The distinction that employer emphasizes, between Kolar and this case, is that the immediate supervisor who assigned claimant to work in Oregon has his office in Washington, while the supervisor in Kolar was located in Oregon. Employer contends that claimant “was an Oregon worker at the time of his hire, but became a Washington worker” when the operations office was moved to Vancouver. Employer maintains that the fact that most of claimant’s work continued to be in Oregon is irrelevant, because it understands Kolar and our later cases to make the place “where the control is exercised” the sole or most significant determinant of the worker’s status. Employer relies in particular on Phelan v. H.S.C. Logging, Inc., 84 Or App 632, 735 P2d 22, rev den 303 Or 590 (1987). However, Phelan does not support the one-factor analysis that employer advocates. We based our holding that the claimant there was not an Oregon employee on numerous facts — that he was hired from Washington, the Oregon operations were run from Washington, that paychecks were issued there and that claimant was expected to be assigned to work in Washington after his Oregon project was completed.

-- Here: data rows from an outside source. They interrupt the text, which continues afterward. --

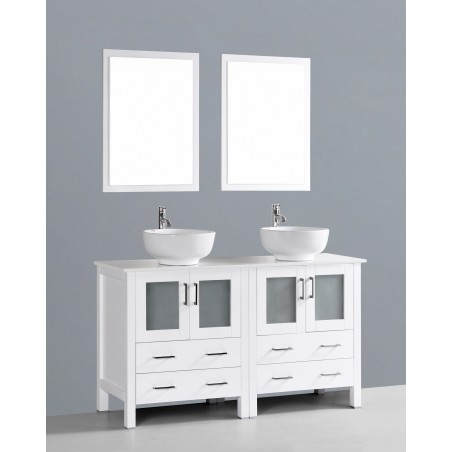 60" Bosconi AW230RO Double Vanity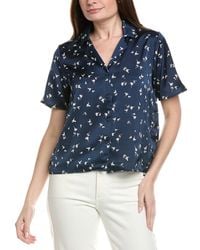 Tahari - Printed Camp Shirt - Lyst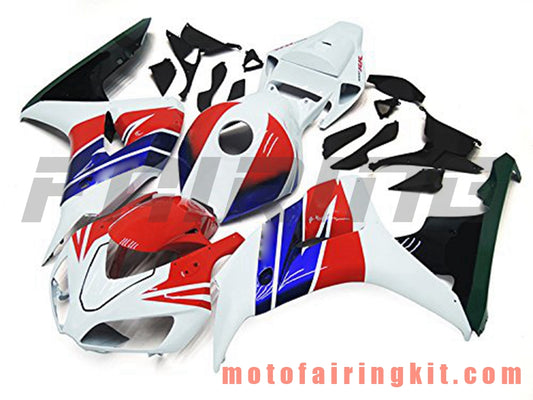 Fairing Kits Fit for CBR1000RR 2006 2007 CBR1000 RR 06 07 Plastic ABS Injection Mold Complete Motorcycle Body Aftermarket Bodywork Frame (Red & White) B131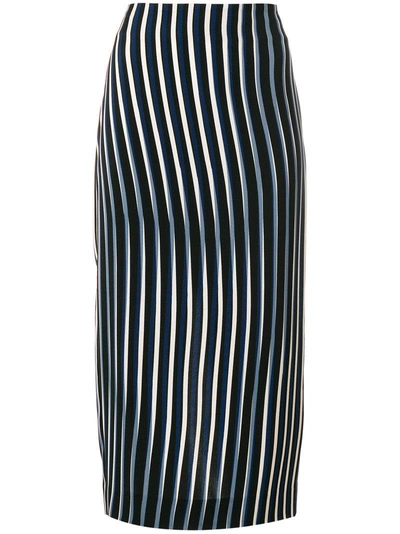 Shop Diane Von Furstenberg Everton Striped Straight Skirt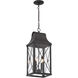 De Luz 4 Light 10.5 inch Oil Rubbed Bronze/Gold Outdoor Chain Hung, The Great Outdoors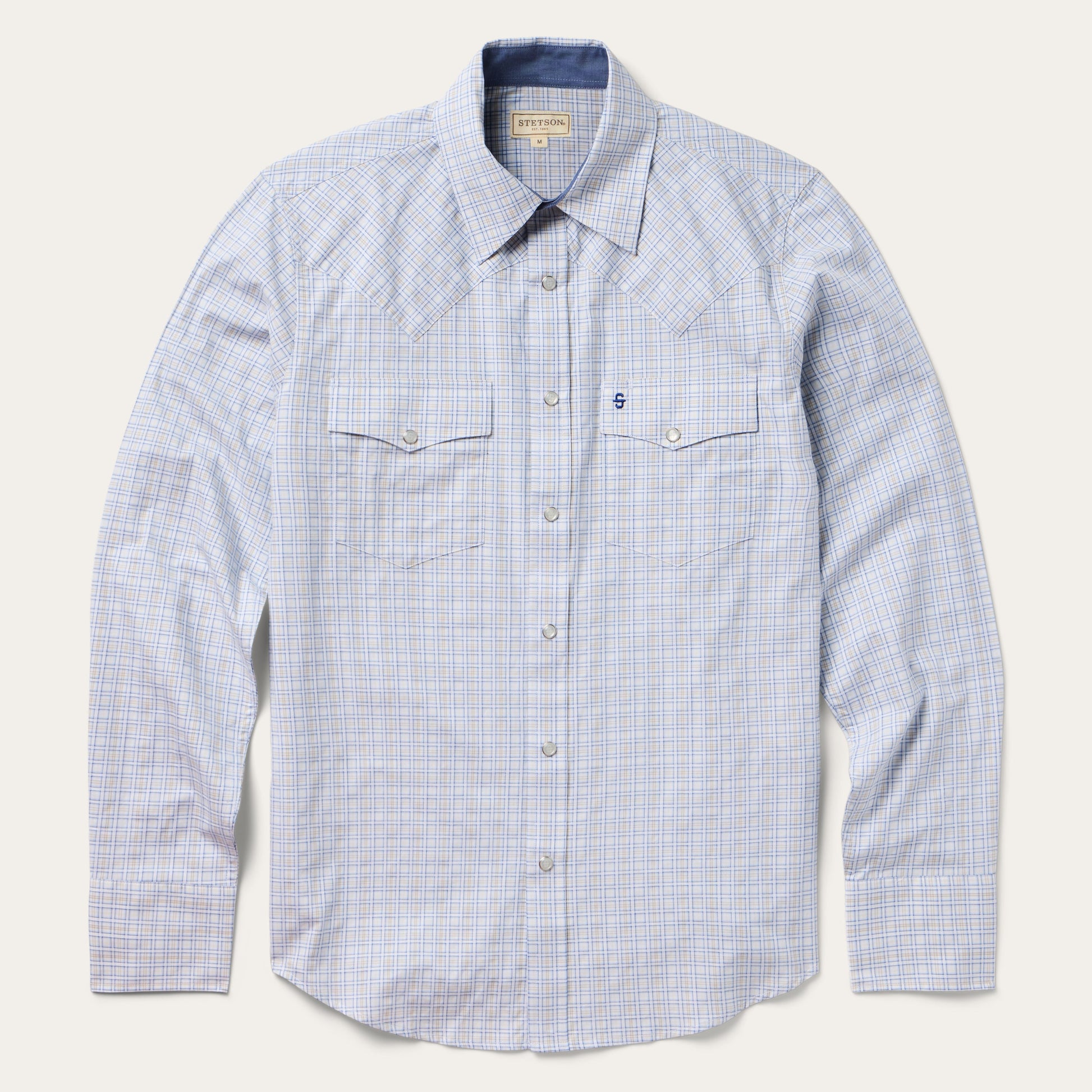 Stetson Ombre Plaid Check Western Shirt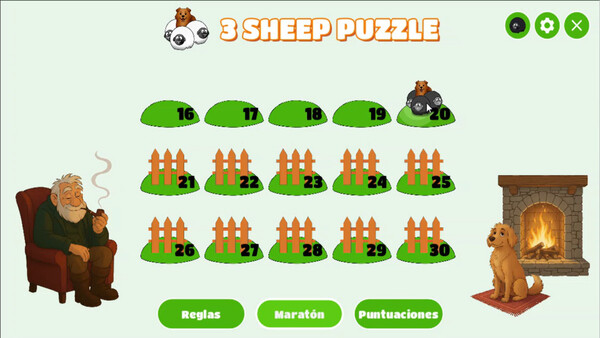 Screenshot 4 of 3 Sheep Puzzle - final gameplay screenshot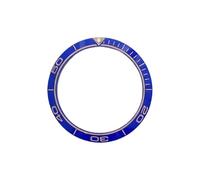 ROUHO 38mm Céramique Lunette de Montre, Insert Rechange, Anneau Céramique Poli Composant Incrustation Façade 30.6mm pour Rolex Submariner-A11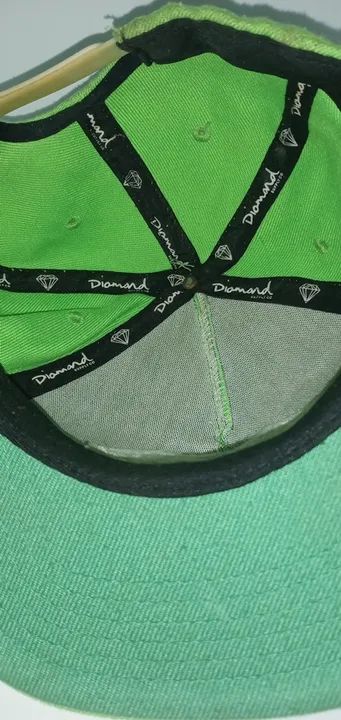 Boné verde Diamond supply co - Foto 3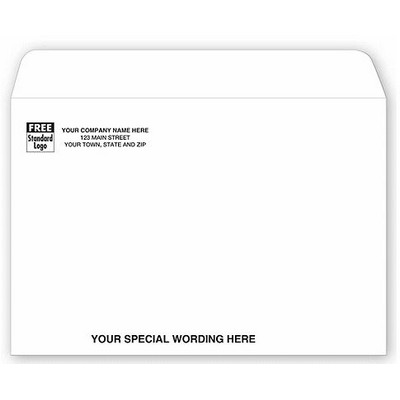 Mailing Envelopes - White, Open Top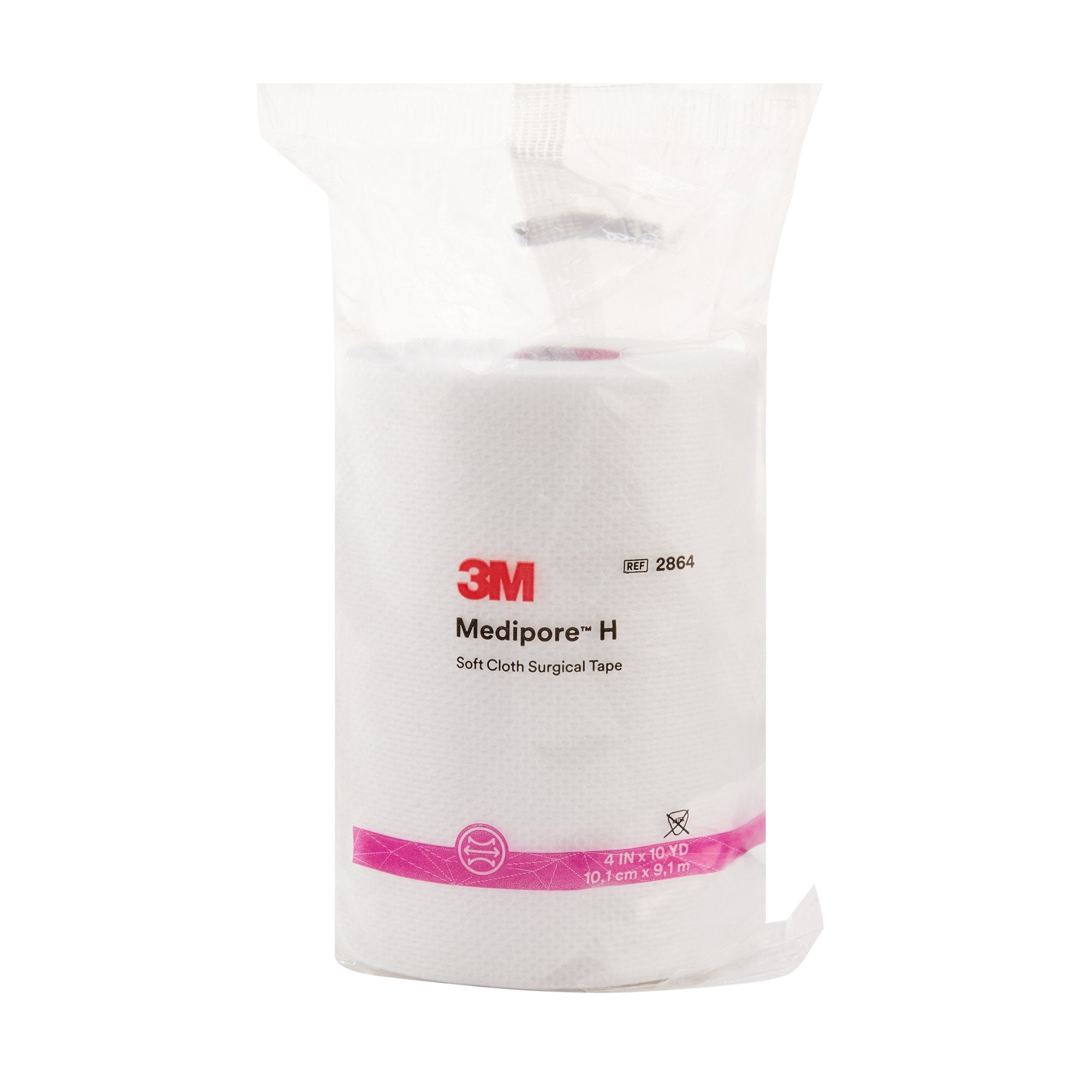 Perforated Medical Tape 3M Medipore H White 4 Inch X 10 Yard Soft Cloth NonSterile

We reiterated in Hobson v. Ore Dressing, Inc., 87 Or App 397, 400, 742 P2d 675, rev den 304 Or 437 (1987), that the “key inquiry” under ORS 656.126(1) “is the extent to which the claimant’s work outside the state is temporary.” Here, the work that claimant did in Washington after the operations office was moved to Vancouver amounted to an hour a day. The point that employer’s argument misses is that the move of the office had no significant effect on claimant’s job. Vancouver became little more than a detour for claimant on his way to and from his work sites, wherever they were. This is not a case like Hobson, where the result of the employer’s relocation was that “there was no longer an Oregon employer for which the work in California could be incidental.” 87 Or App at 608. Conversely, here, the daily trips to Vancouver were incidental, and claimant’s principal work continued to be in Oregon for his Oregon corporate employer. Claimant remained an Oregon employee for purposes of ORS 656.126U).

Affirmed. 
      
       Employer’s first assignment raises that point directly. Its third assignment makes the related assertion that the Board misapplied the “permanent employment relation test” that we have developed for determining a worker’s status under ORS 656.126(1). The second assignment is that the Board erred by concluding that employer is a “subject employer” under ORS 656.023. Obviously, it is. It has permanent employees at the Portland headquarters, for whom it pays premiums to an Oregon workers’ compensation insurer. The real point of employer’s argument, however, is that it is not an Oregon employer with respect to this claimant, because he is not an Oregon employee under ORS 656.126(1). See also ORS 656.126(2).
     
      
       Employer argues that the Board’s findings are not supported by substantial evidence, because its conclusion that claimant is an Oregon worker indicates that it disregarded uncontradicted testimony by employer’s controller about the control that the operations office managers exercise over assignments and other aspects of the work of employees assigned to them. That argument is also based on employer’s mistaken understanding that control is the decisive factor. The fact that the evidence may have compelled a certain finding about the nature of the Vancouver manager’s control has no bearing on the significance of that control in comparison with the other considerations that bear on whether claimant is an Oregon worker under the statute.